それとともに、愛という言葉の使われる頻度が増えてきます。ヨハネによる福音書には、愛という言葉が四十回以上も出てきます。初めて出てくるのは第三章です。「神は、その独り子をお与えになったほどに、世を愛された。」(三・一六)。この箇所も含めて、第三章では二回出てきます。第五章で二回、第八章で一回、第一〇章でも一回です。第一一章に至るまでに、全部で六回しか出てきません。これ以降、たくさん愛という言葉が出てくるようになり、第一一章以降には三十数回も愛という言葉が使われます。

なぜ後半で愛という言葉がたくさん使われるようになるのでしょうか。それは、主イエスが十字架で死なれることは、愛と結びついているからです。いや、愛そのものであるからです。「もう一度、ユダヤに行こう」(七節)と主イエスは言われます。この前、石を投げられ殺されそうになったところです。なぜ主イエスをそこへ向かわせたのか。なぜ主イエスは自ら十字架にお架かりになったのか。その原動力が愛である。だから後半にたくさん出てくるのです。本日、私たちに与えられた聖書の箇所には、そのような主イエスの愛が溢れているのです。

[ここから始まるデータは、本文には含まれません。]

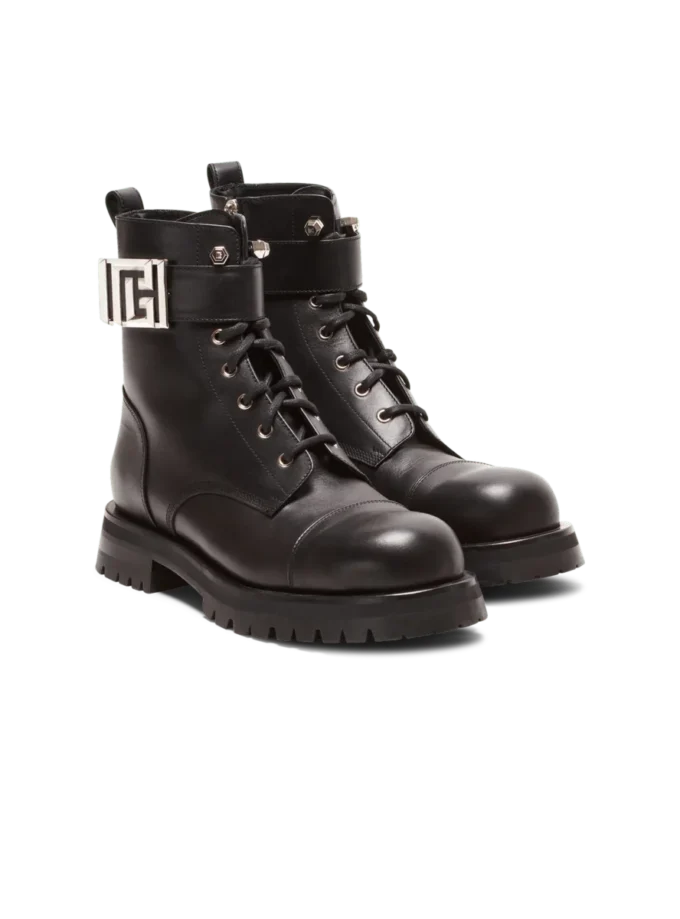 Charlie leather ranger boots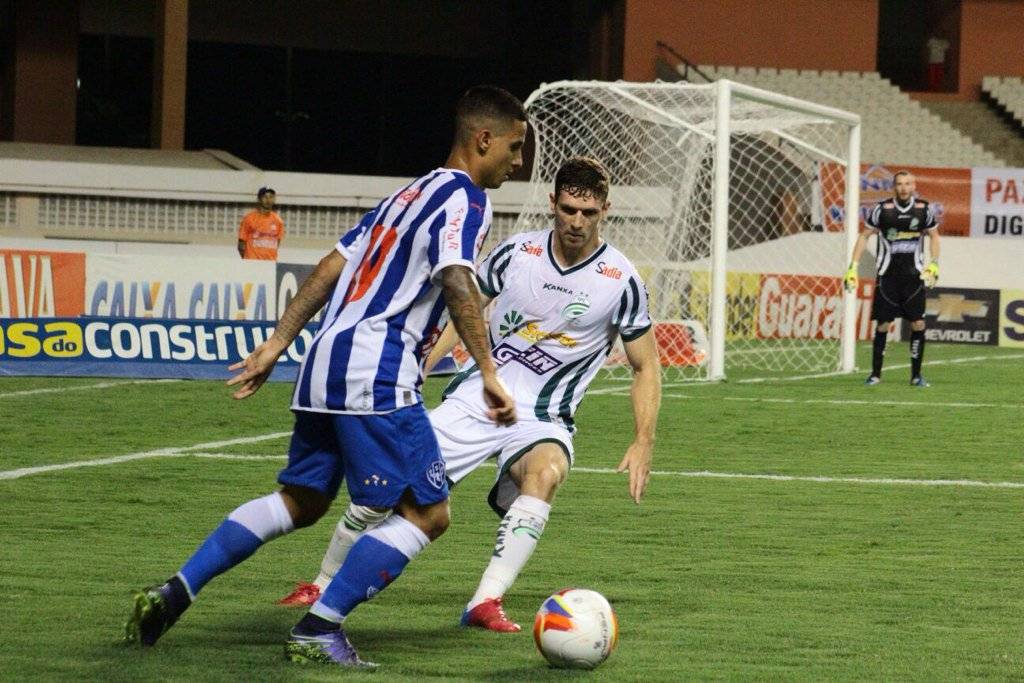 Paysandu saiu vitorioso diante do Luverdense em casa por 3 a 2 (Foto: Reprodução/Twitter)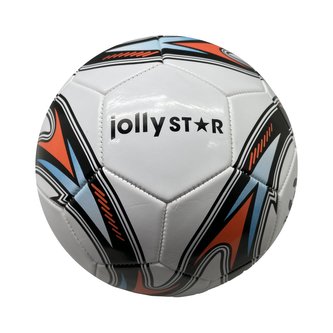 Míč kožený fotbalový Jolly Star Champion velikost č. 5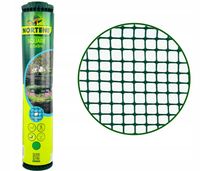 NORTENE Siatka SQUARE oczko 10mm Plastikowa ZIELONA 0,5x5m
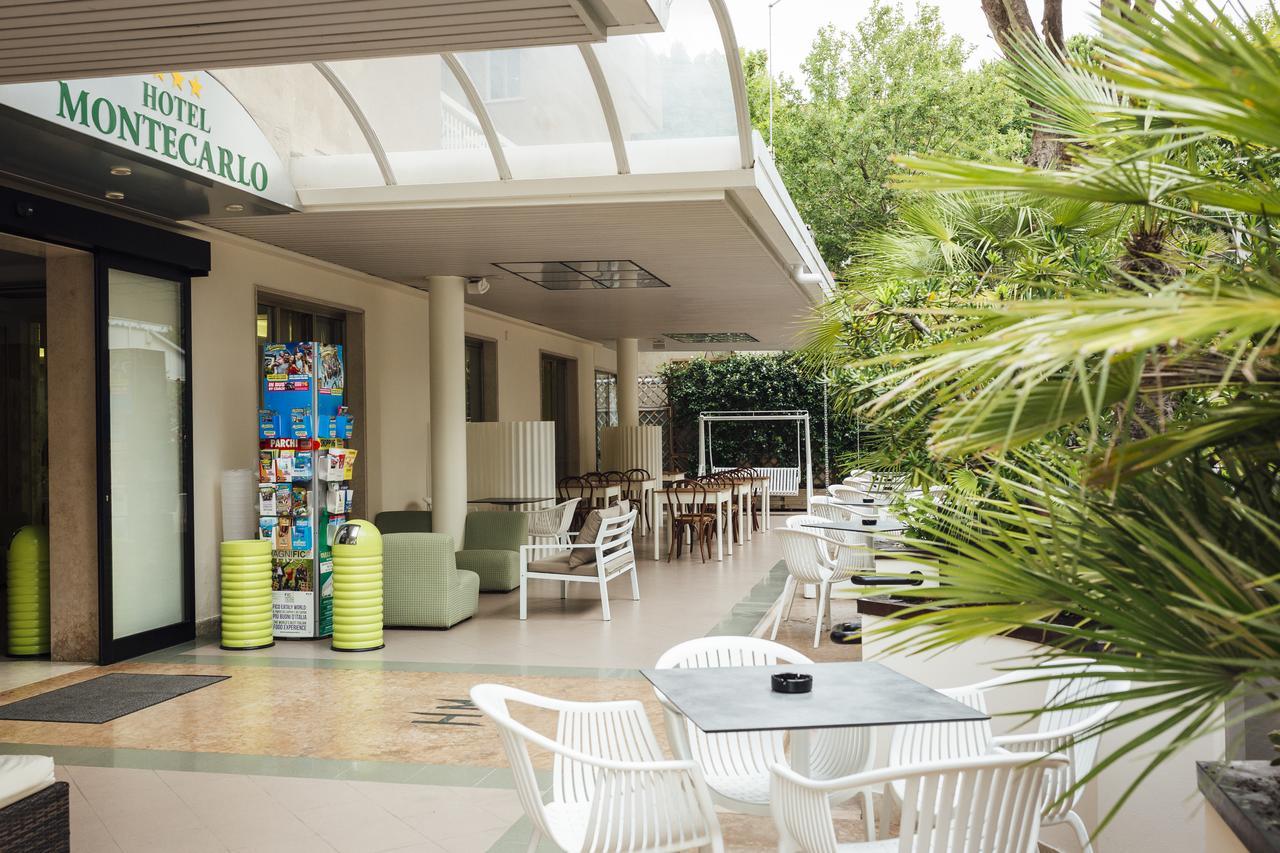 Hotel Montecarlo Rimini Bagian luar foto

今日の聖書箇所の五節のところに、愛という言葉が使われています。「イエスは、マルタとその姉妹とラザロを愛しておられた。」(五節)。「その姉妹」となっているのは、マリアのことです。マルタ、マリア、ラザロのことを主イエスは愛しておられたとあります。

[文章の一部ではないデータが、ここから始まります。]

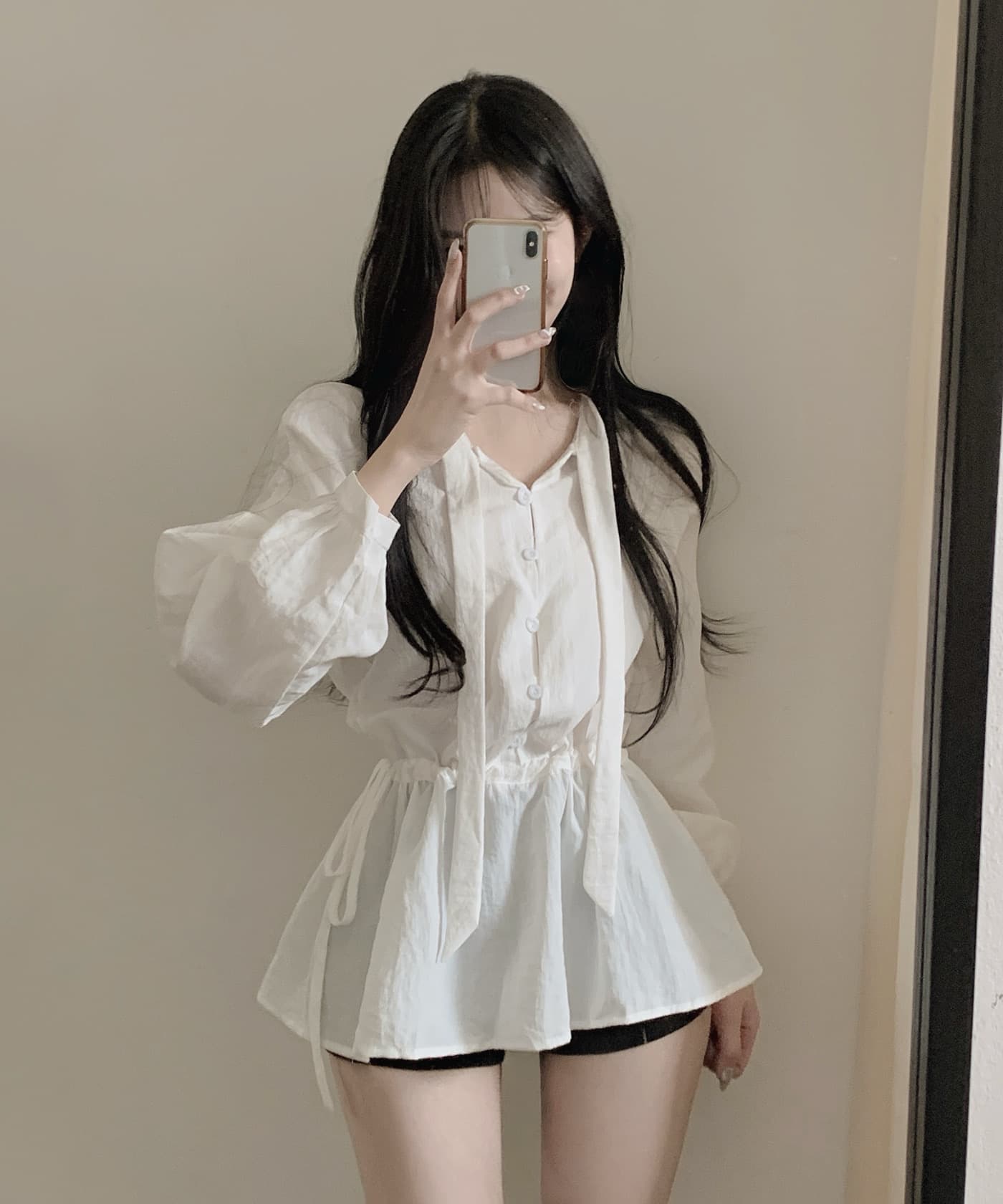 한국 chic 다용도 작은 대중 패션 루즈핏 슬림해 보이는 다용도 긴팔 드레스 2025 가을 신제품 맨위 상세 이미지 10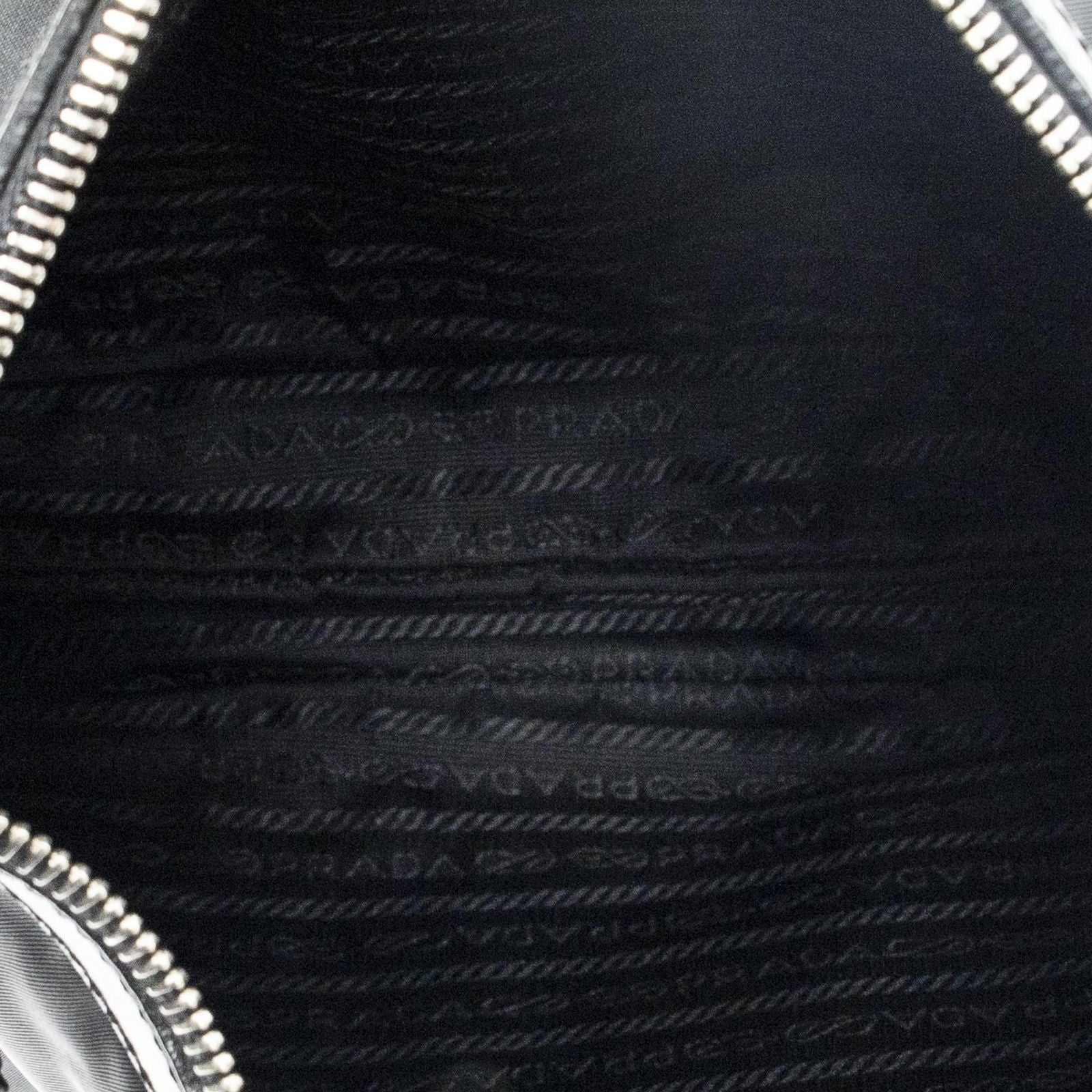 Prada Zip Messenger Black Nylon Canvas — view 9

この三人の兄弟姉妹たちの順番はどうなっているのでしょうか。日本語だとどちらが上なのかははっきりしてきますが、外国語の場合はあまりはっきりしないところがあります。マルタとマリアのどちらが姉なのか。ラザロは兄なのか弟なのか。今まであまりその問題に触れてきませんでした。

まずはマリアとマルタですが、マルタの方が姉であると考えられています。ルカによる福音書の第一〇章に、マリアとマルタの話が記されています。主イエスを家にお迎えをする。それをしたのはマルタです。そしておもてなしをする。ところがマルタばかりが働いていて、マリアは主イエスの足元に座り、話を聴き入っている。マルタは何もしないマリアに不満を持ちました。そしてその不満を主イエスにぶつけるのです。この状況から、マルタが姉であることが分かります。

ところが、ヨハネによる福音書第一一章の最初の一節では、「マリアとその姉妹マルタ」と書かれています。マリアが先になっていますが、これはおそらく、続く二節にマリアが香油を塗ったことが書かれていますので、妹のマリアを優先させたのだと思います。五節で三人揃って出てくる際には、また順番が入れ替わって、マルタ、マリア、ラザロの順になります。そしてラザロはこの順番の通り、二人の姉妹の弟ということになります。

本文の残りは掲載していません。